That's what I was suggesting - we'll see what the ACPI maintainers think
of the change.

> The ARCH_SUPPORTS_MEMORY_FAILURE should remain in arch/arm64/Kconfig
> though, correct?

Yes, that's right - as that's a feature the architecture is advertising
support for, it should stay in the arm64 Kconfig,

>
> Thanks,
> Tyler
James Morse March 23, 2017, 2:33 p.m.

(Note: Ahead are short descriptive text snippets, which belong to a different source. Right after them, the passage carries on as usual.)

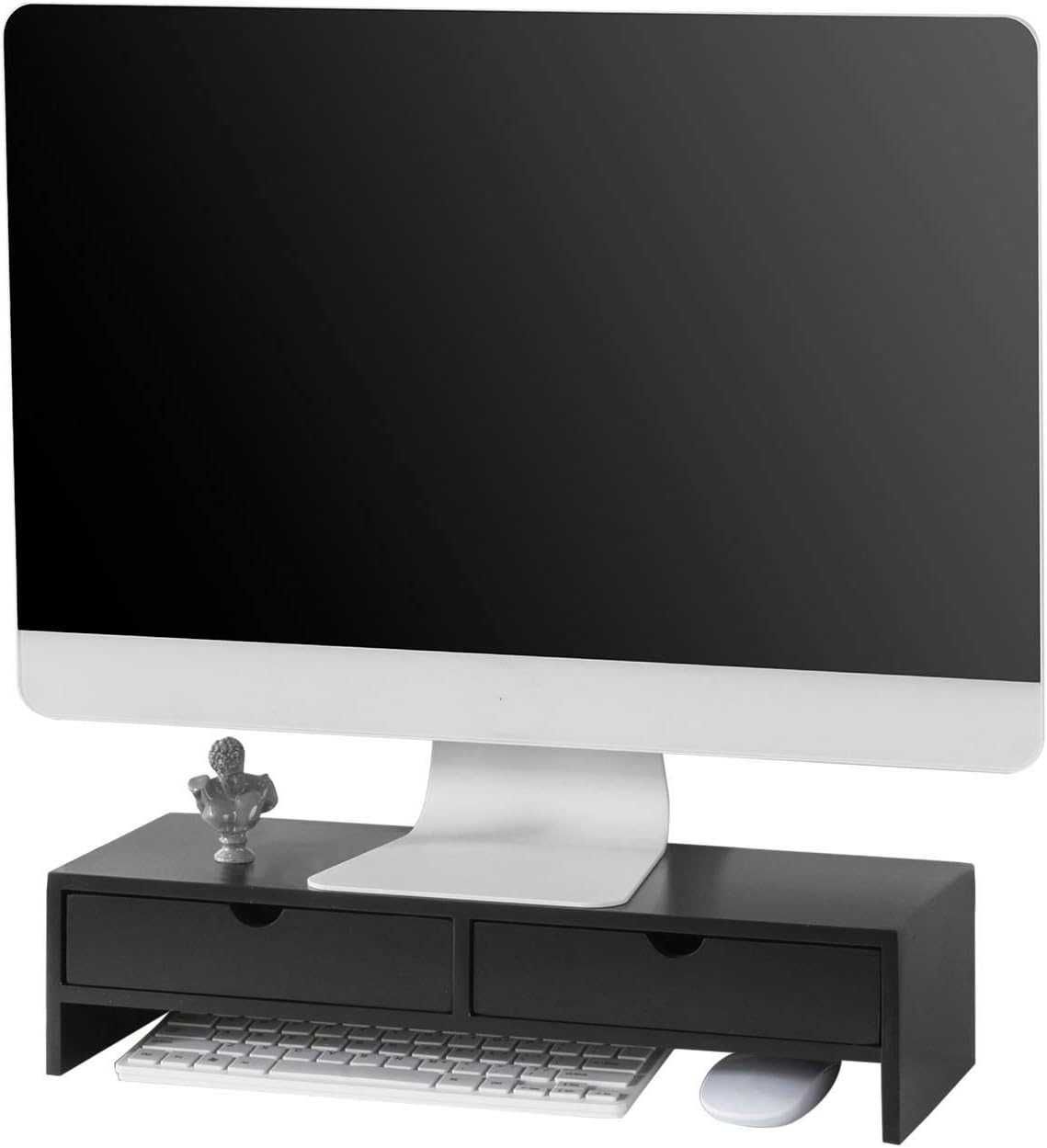 Suport de monitor pentru birou cu  sertare de depozitare ,  MDF, negru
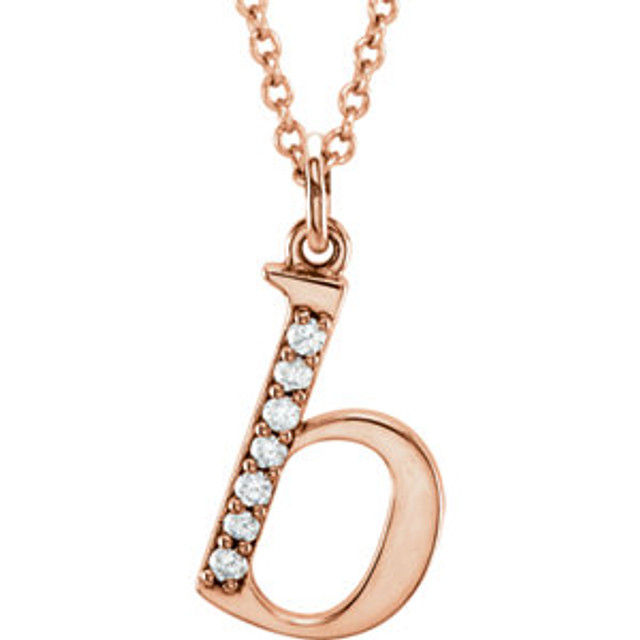 Destined to become a treasured addition to anyone's collection, the .04 ct tw diamond letter "b" 16 lowercase initial necklace in 14k Rose Gold is as brilliant as it is elegant. Show off this wonderful Necklace with any and every outfit. This exquisite piece is beautifully crafted in brilliant 14k Rose Gold for a stunning impression. This magnificent piece sparkles with shimmering diamond. .04 ct. This necklace is 16 Surely designed to impress.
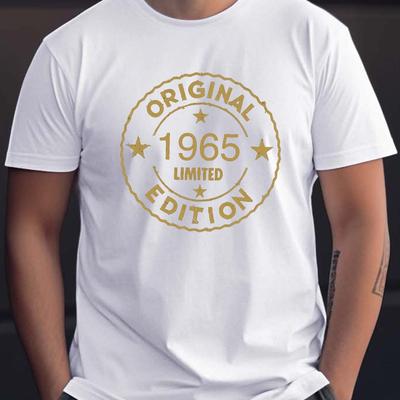 TEMU Men's Casual Crew Neck T-shirt, 1965 Geometric Pattern, 100% Polyester Knit Fabric, Stretch, Regular Fit, Summer Top, 150gsm - Black Image
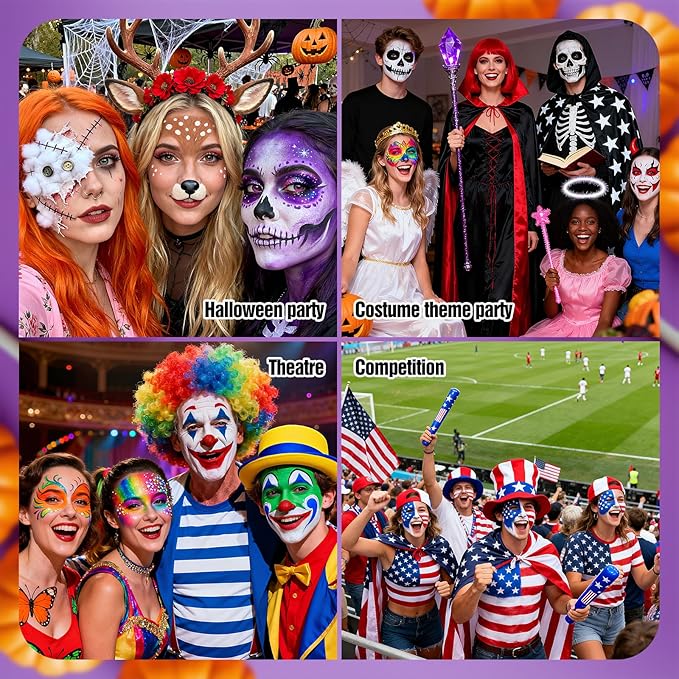 Purple Face Paint -Water Based Non-Toxic Highly Pigmented Body Painting for Fantasy Creature Halloween SFX Cosplay, Full Coverage Washable Paint for Costume Party Stage Performance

UTC | #4
Hi Punit,

On 01/02/17 21:38, Tyler Baicar wrote:
> From: "Jonathan (Zhixiong) Zhang" <zjzhang@codeaurora.org>
> 
> If ACPI_APEI and MEMORY_FAILURE is configured, select
> ACPI_APEI_MEMORY_FAILURE. This enables memory failure recovery
> when such memory failure is reported through ACPI APEI. APEI
> (ACPI Platform Error Interfaces) provides a means for the
> platform to convey error information to the kernel.
> 
> Declare ARCH_SUPPORTS_MEMORY_FAILURE, as arm64 does support
> memory failure recovery attempt.

Am I right in thinking we should wait for the hugepage issue you found with
hwpoison [0] to be fixed before arm64 can have ARCH_SUPPORTS_MEMORY_FAILURE?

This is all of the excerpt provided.